Grosvenor Bridge was built in three stages. The original five-arch wrought iron bridge was built by Sir John Fowler in 1859, and then widened to include an extra four tracks in 1866 by Sir Charles Fox. In 1967, the bridge was rebuilt by Freeman Fox and Partners with project engineer A.H. Cantrell. At this point, a tenth track was added and each track was encased in a separate steel span. This means that Grosvenor Bridge is in fact now ten separate but adjacent bridges. If you look underneath the bridge, you can clearly see each of the ten bridges.
In 1968, Grosvenor Bridge was said to be the busiest railway bridge in the world with 100 trains crossing per day. Today, it is still one of the world’s busiest railway bridges carrying over 200,000 passengers per day.
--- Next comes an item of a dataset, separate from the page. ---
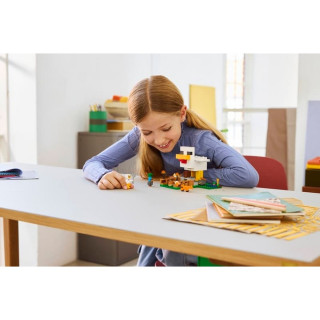 LEGO MINECRAFT CHICKEN FARM 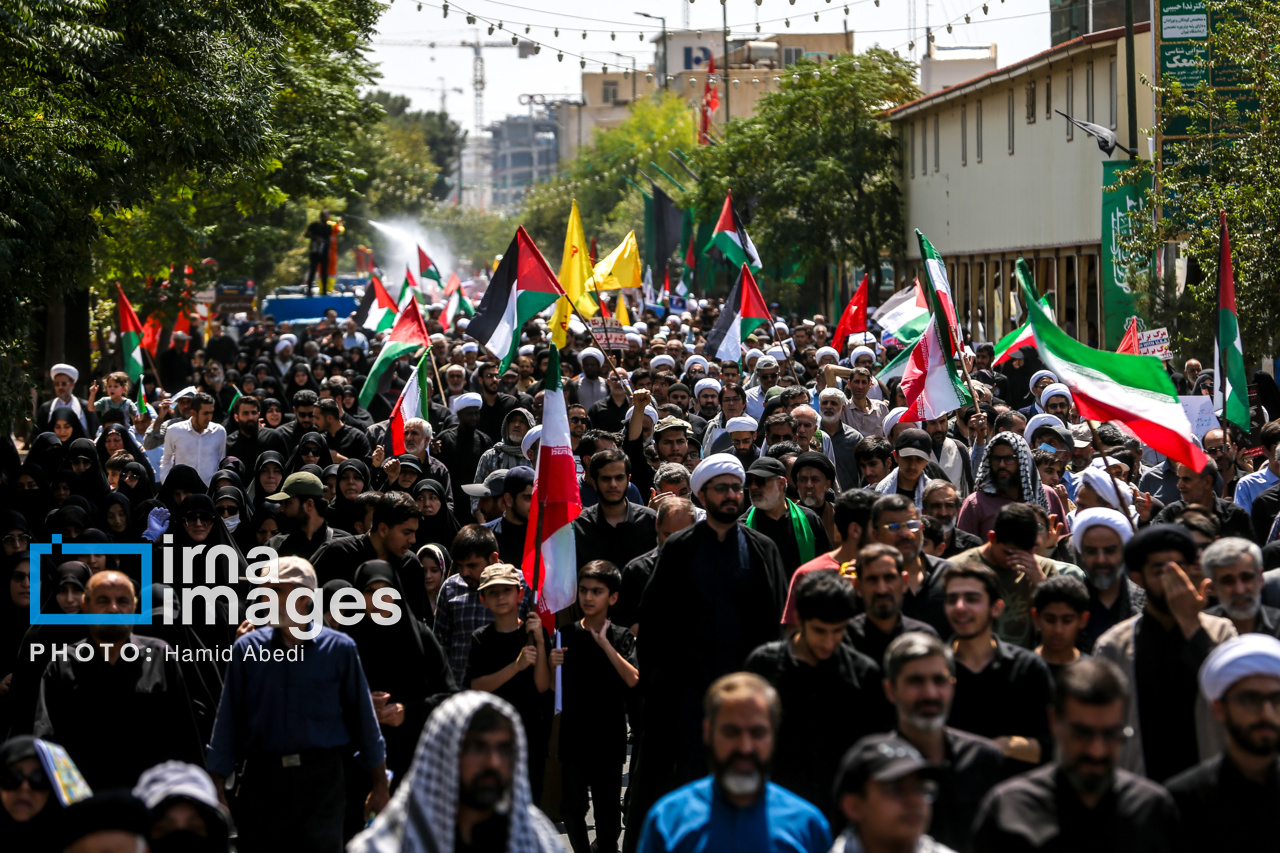 عکس/ راهپیمایی «جمعه‌ های خشم و نصر» در سراسر کشور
Leo Villareal's artwork for Grosvenor Railway Bridge will account for its surrounding townscape, as the proximity to residential areas requires a sensitive approach to the currently unlit bridge. Grosvenor will be in visual harmony with nearby Chelsea and Albert Bridges, as well as Tower Bridge, Millennium Bridge and the Golden Jubilee footbridges in its monochromatic lighting program of a quiet layering of white tones.